DESCRIPTION OF THE TASK: Make an exact copy, from the records below, of the lines from the line containing "razpisujemo delavnico Nastopanje" to the line containing "El día 11 de", both lines included, excluding pictures.

---------- EXERCISE MATERIALS

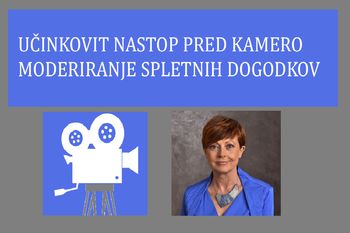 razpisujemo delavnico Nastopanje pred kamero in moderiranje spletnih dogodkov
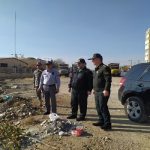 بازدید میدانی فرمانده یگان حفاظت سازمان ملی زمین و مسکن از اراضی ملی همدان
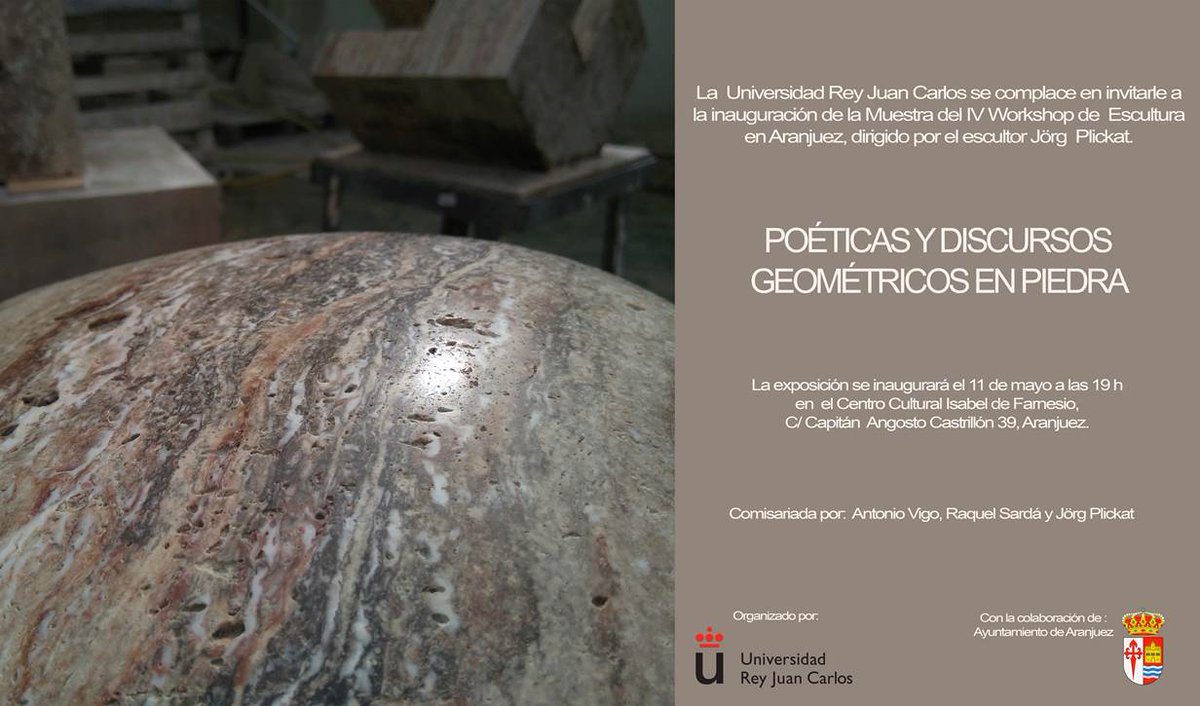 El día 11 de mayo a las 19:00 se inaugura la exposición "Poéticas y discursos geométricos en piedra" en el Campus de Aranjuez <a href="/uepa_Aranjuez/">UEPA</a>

--------------------
---------- EXERCISE MATERIALS

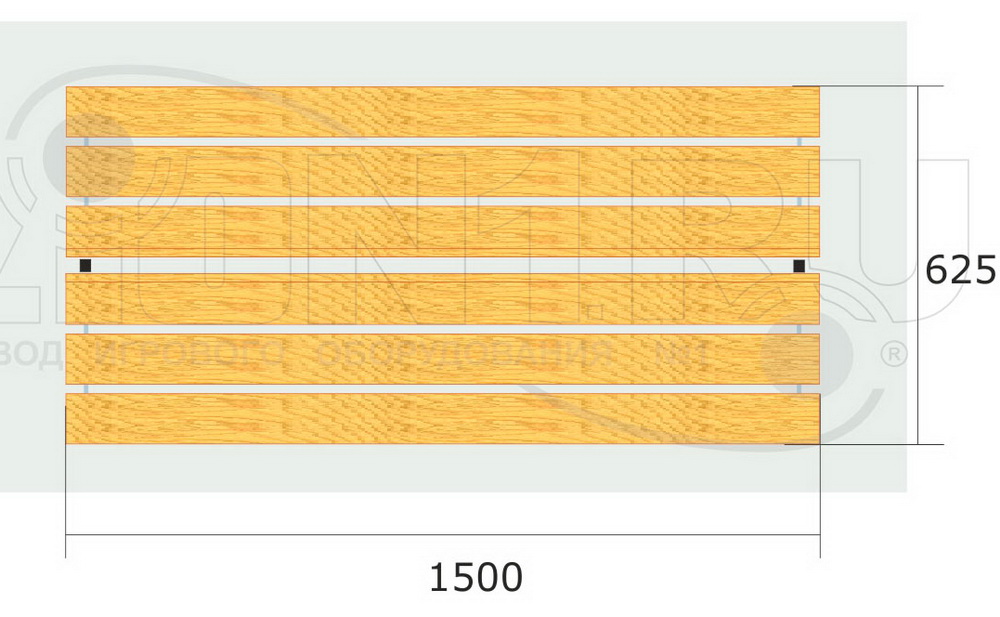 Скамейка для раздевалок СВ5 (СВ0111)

--------------------

REPLY:
 razpisujemo delavnico Nastopanje pred kamero in moderiranje spletnih dogodkov
 بازدید میدانی فرمانده یگان حفاظت سازمان ملی زمین و مسکن از اراضی ملی همدان
 El día 11 de mayo a las 19:00 se inaugura la exposición "Poéticas y discursos geométricos en piedra" en el Campus de Aranjuez <a href="/uepa_Aranjuez/">UEPA</a>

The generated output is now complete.